▶ **EXERCISE**: Reproduce each line, exactly, from the one containing "2022 John Deere Z930M Image 4" through the end of the material. Exclude pictures.

'''

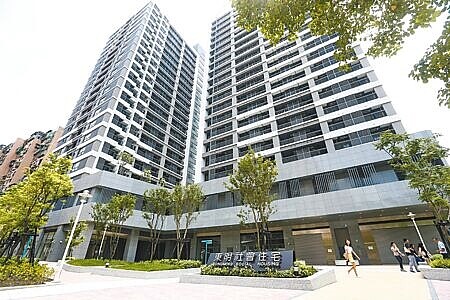 台北市都發局2022年起推出「社會住宅青銀換居計畫」,至今僅11戶入住。圖為示意圖,東明社宅。(本報資料照片)
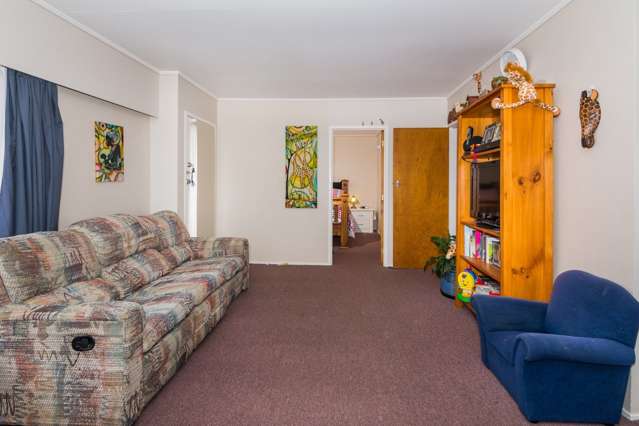 2/2 Lambrown Drive Totara Vale_3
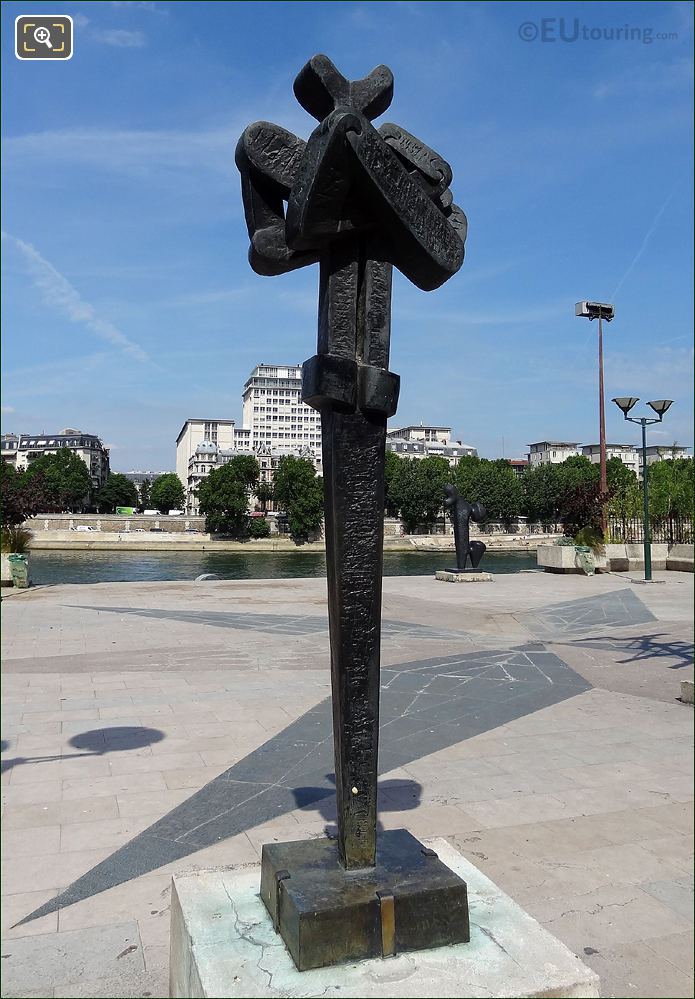 Bronze sculpture by Sorel Etrog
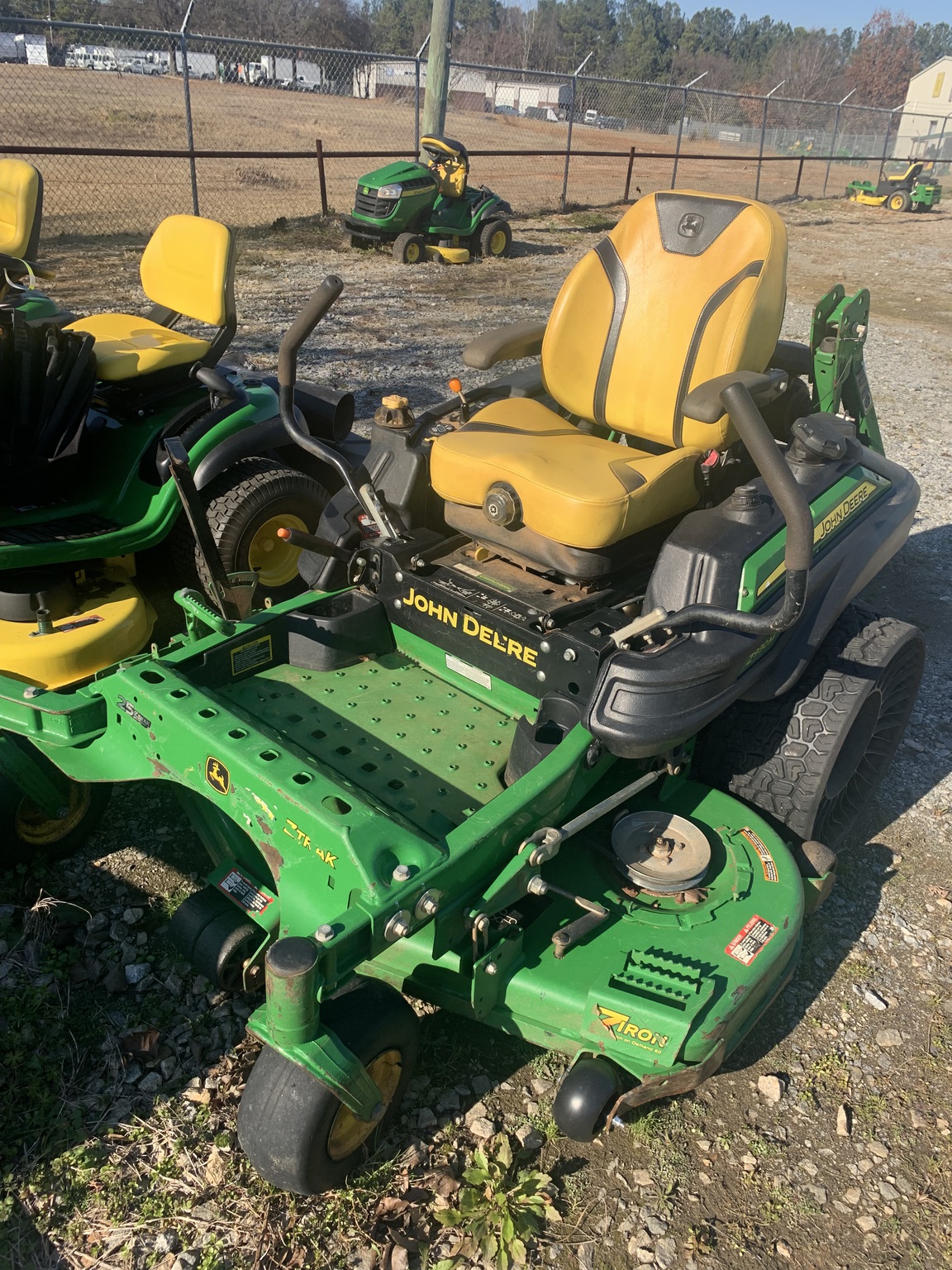 2022 John Deere Z930M Image 4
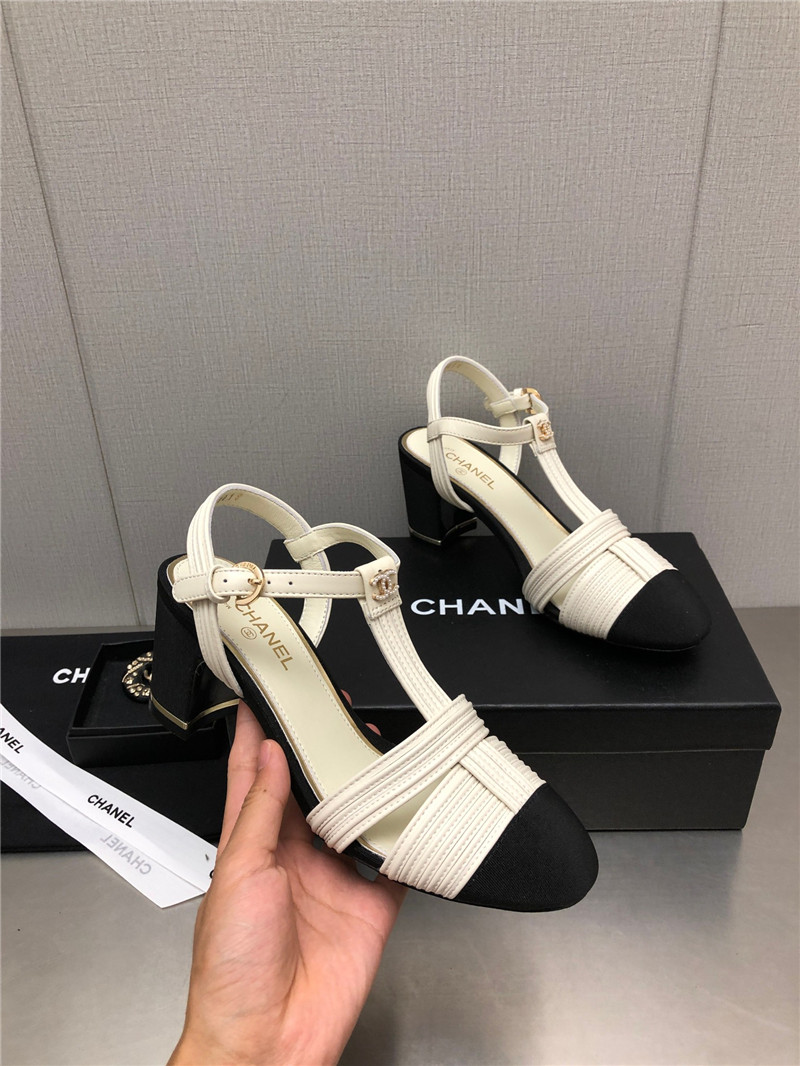 Ch**el cruise 2022/23 ivory & black lambskin slingbacks pumps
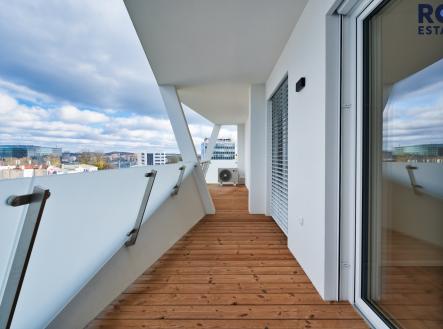 Pronájem bytu, 3+kk, 77 m²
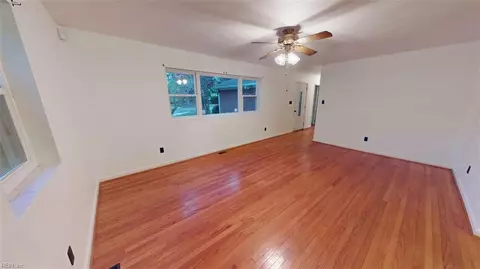 Living - 58 College Pl, Hampton, VA 23669 photo 4 of 10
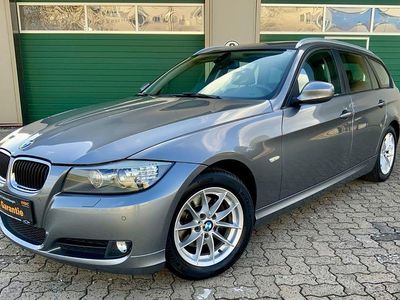 Gebraucht BMW 318 Comfort Edition 143 PS (105 kW) 2011 Grau Kombi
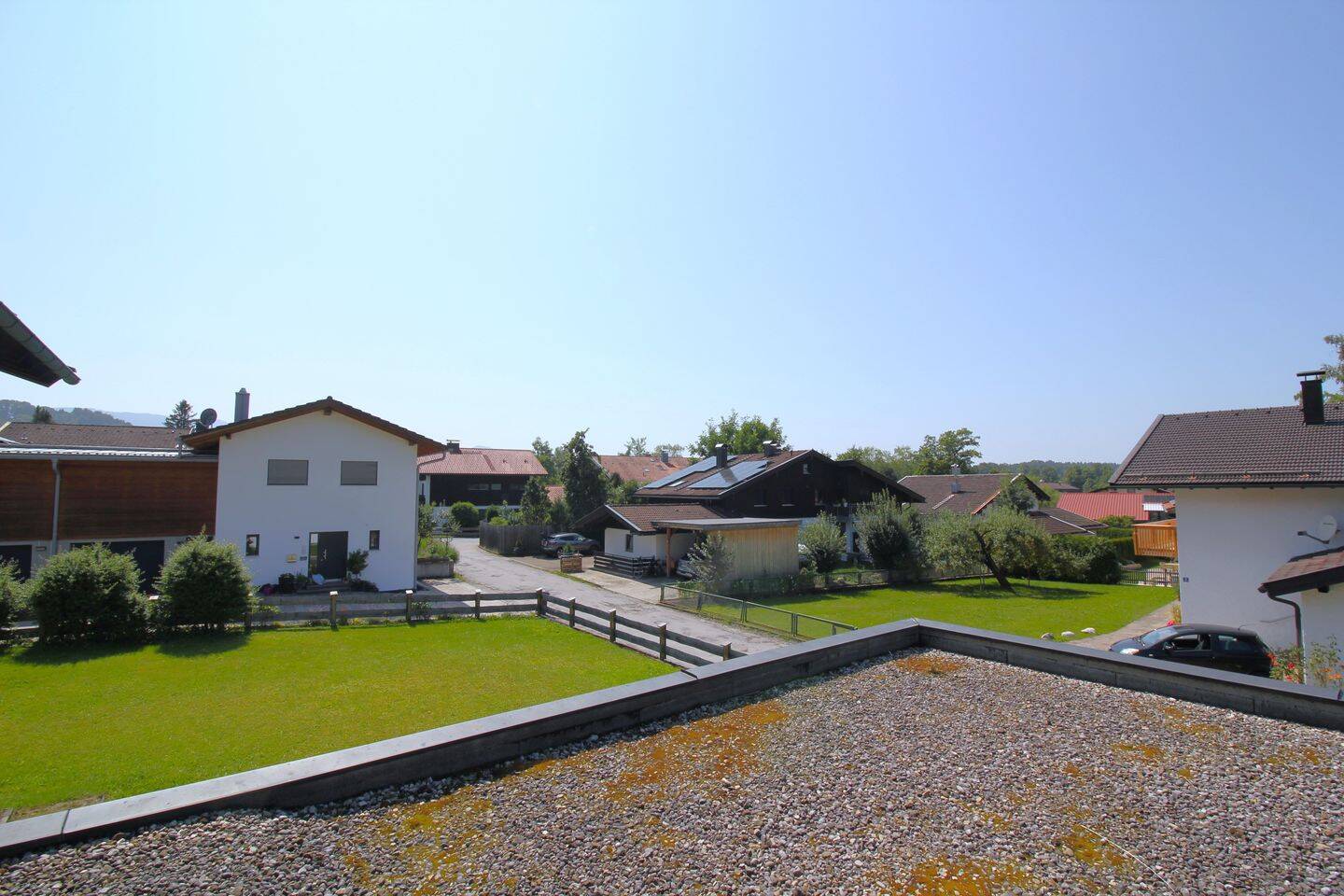 Thumbnail-*Stattliches Haus mit 2 WOHNUNGEN - die Wohnungen können auf Wunsch auch einzeln gekauft werden .*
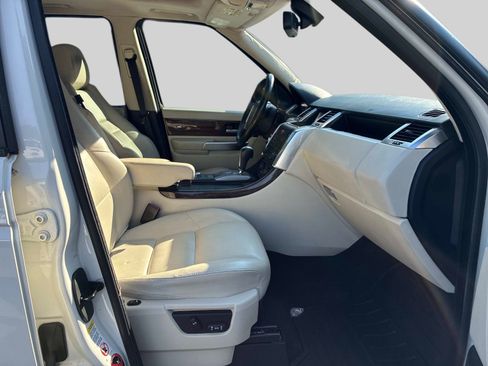 Used 2009 Land Rover Range Rover Sport Supercharged AWD/4WD image 7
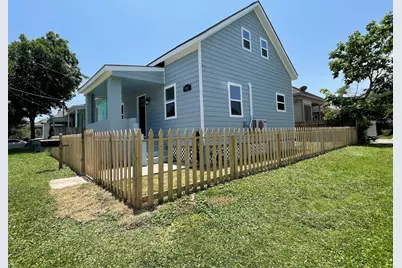 1701 40th Street, Galveston, TX 77550 - Photo 4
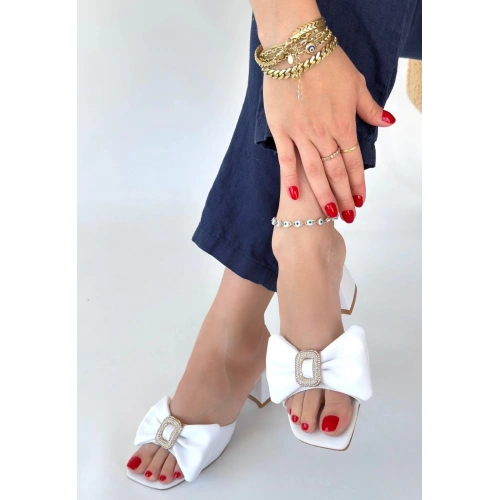 Niyyar Beyaz Cilt Topuklu Terlik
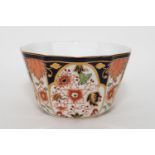 A Royal Crown Derby bowl in pattern 6041. Circa 19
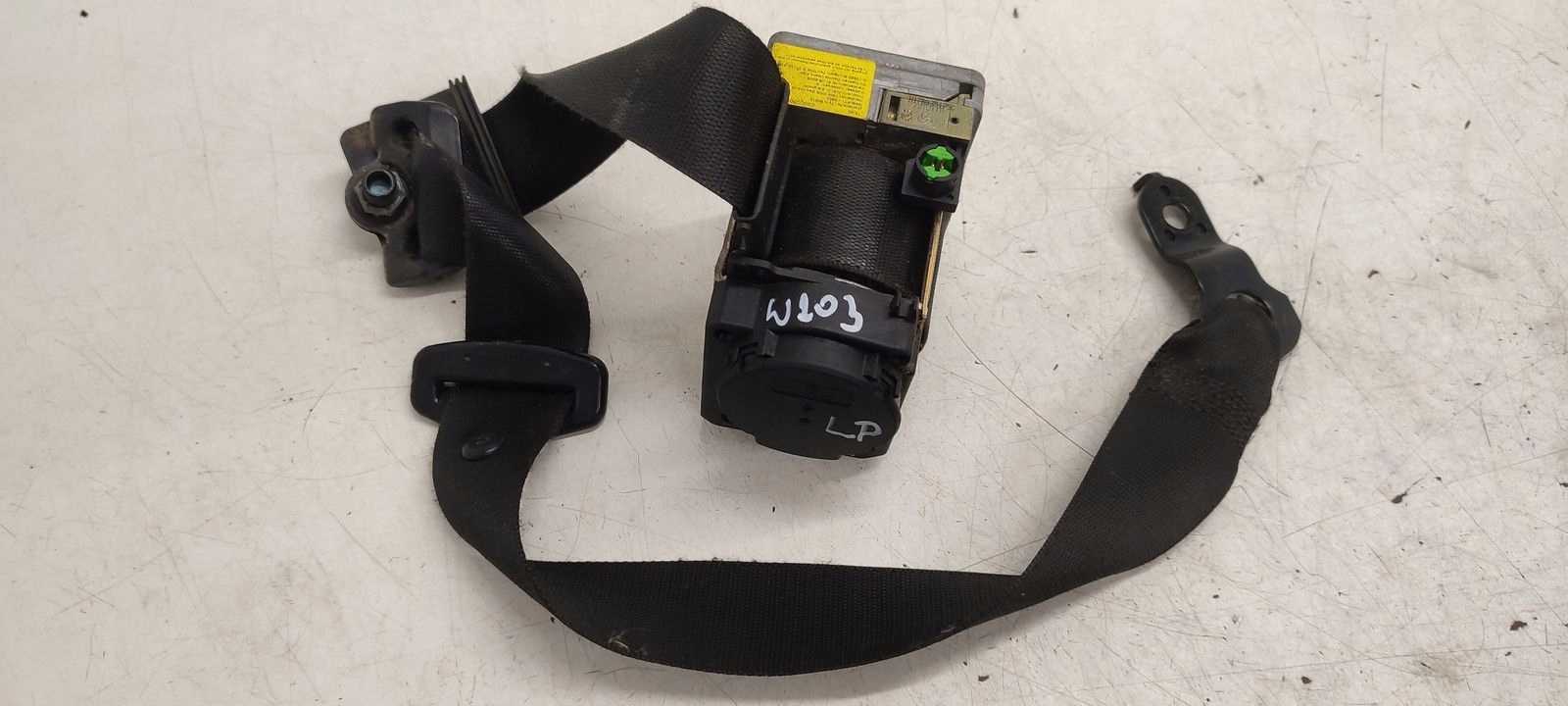 tension belt safety left front Mercedes W203 2,2 CDI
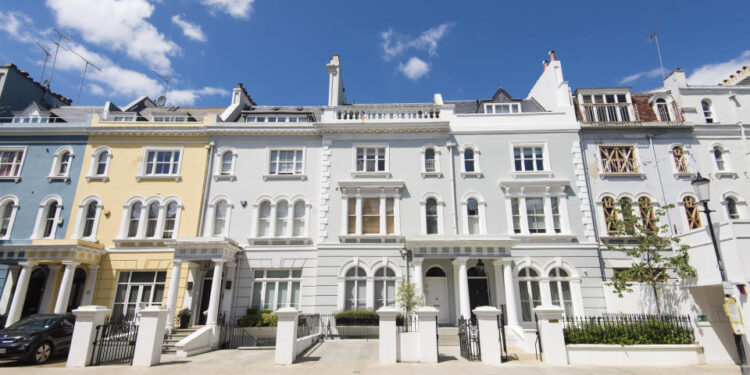 UK house prices hit new record high as mortgages outpace rents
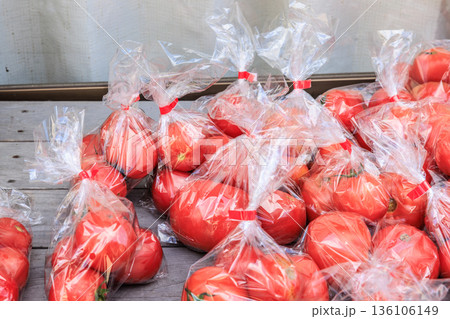 日本の田舎風景｜道路沿いのトマト無人販売所 136106149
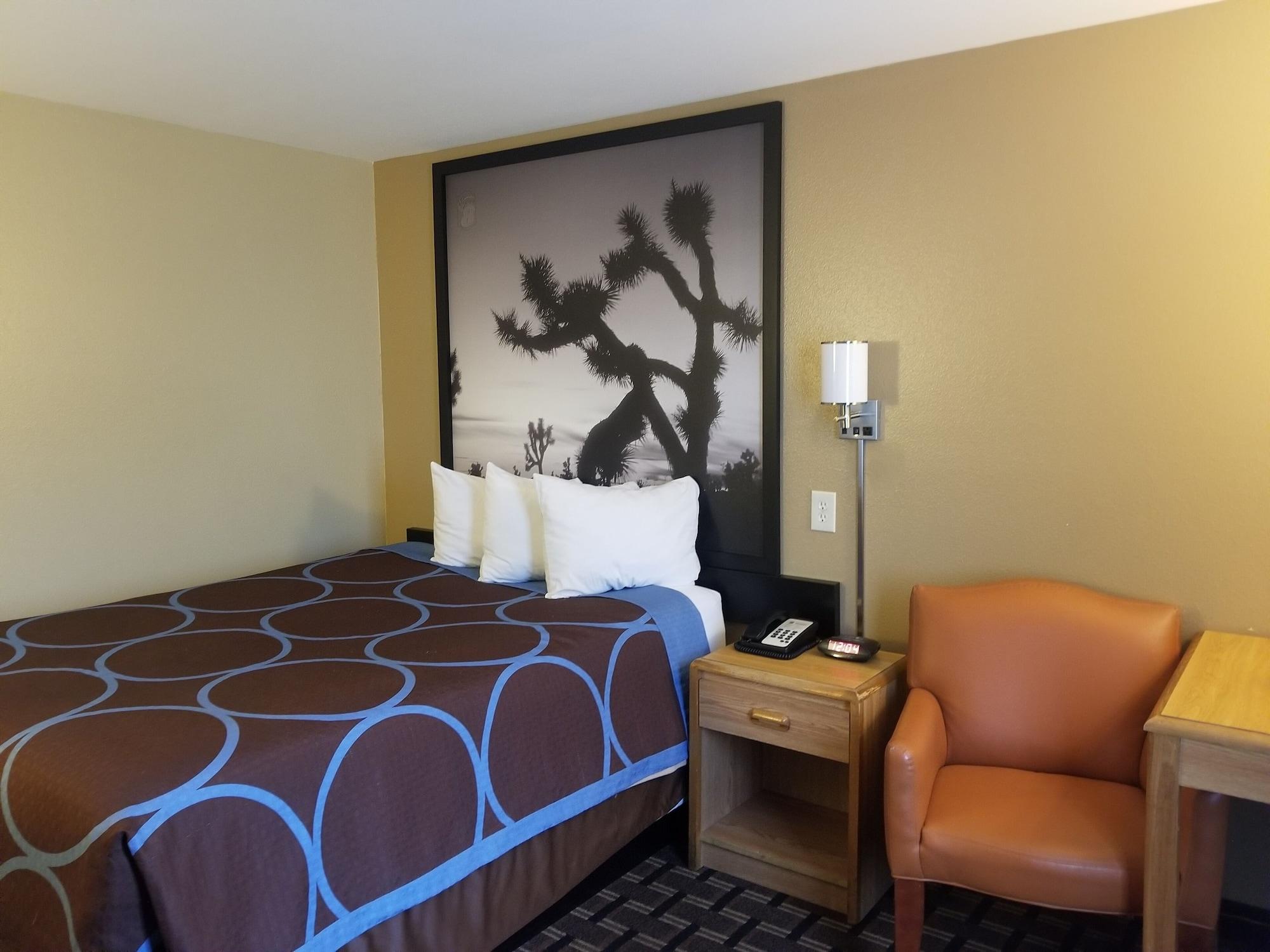 Super 8 By Wyndham Carson City Lake Tahoe Exterior foto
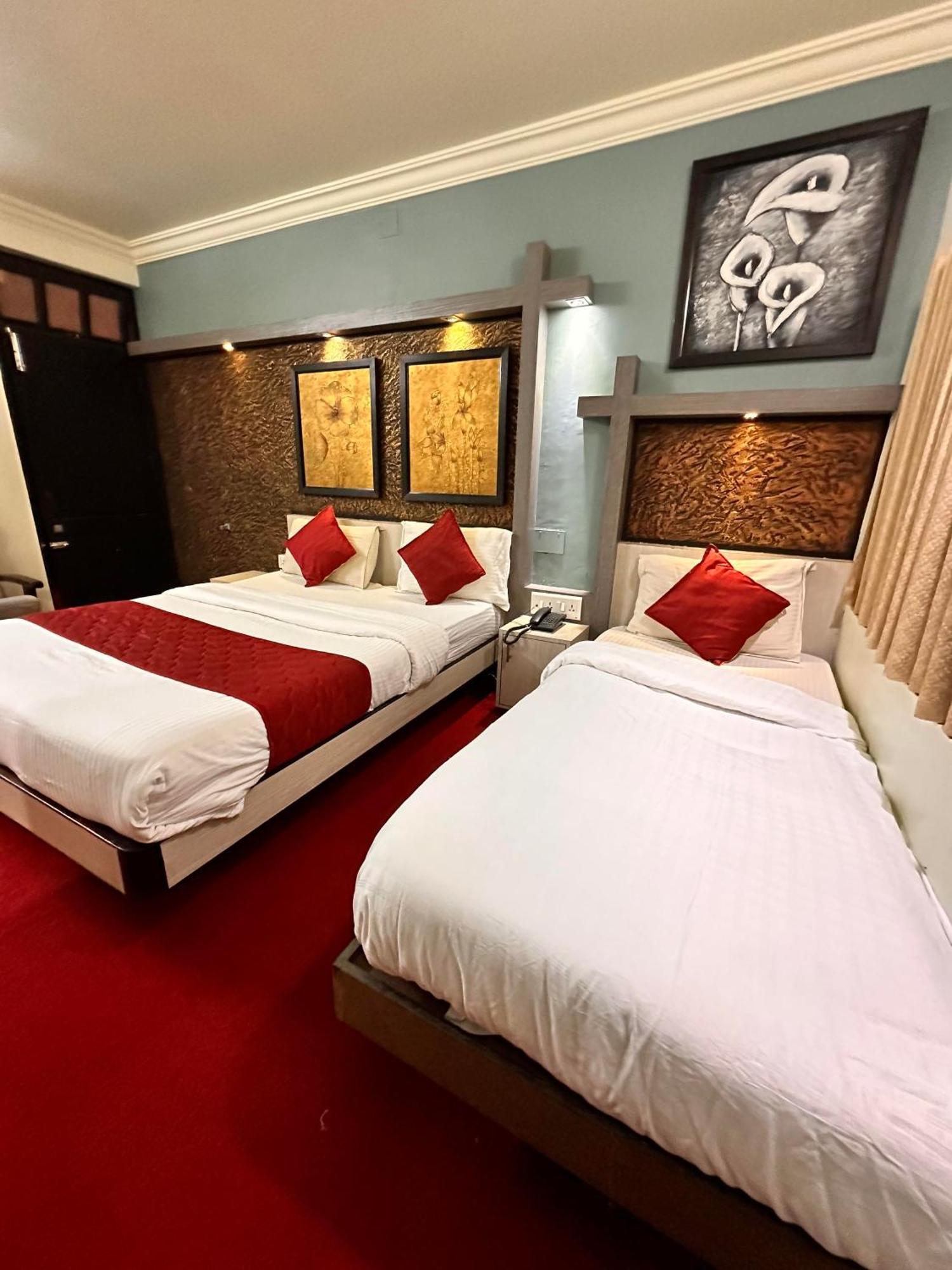 City Palace Hotel Ooty Exterior foto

'''

▶ **ANSWER**:
 2022 John Deere Z930M Image 4
 Ch**el cruise 2022/23 ivory & black lambskin slingbacks pumps
 Pronájem bytu, 3+kk, 77 m²
 Living - 58 College Pl, Hampton, VA 23669 photo 4 of 10
 Gebraucht BMW 318 Comfort Edition 143 PS (105 kW) 2011 Grau Kombi
 Thumbnail-*Stattliches Haus mit 2 WOHNUNGEN - die Wohnungen können auf Wunsch auch einzeln gekauft werden .*
 Used 2009 Land Rover Range Rover Sport Supercharged AWD/4WD image 7
 1701 40th Street, Galveston, TX 77550 - Photo 4
 Niyyar Beyaz Cilt Topuklu Terlik
 A Royal Crown Derby bowl in pattern 6041. Circa 19
 tension belt safety left front Mercedes W203 2,2 CDI
 UK house prices hit new record high as mortgages outpace rents
 日本の田舎風景｜道路沿いのトマト無人販売所 136106149
 Super 8 By Wyndham Carson City Lake Tahoe Exterior foto
 City Palace Hotel Ooty Exterior foto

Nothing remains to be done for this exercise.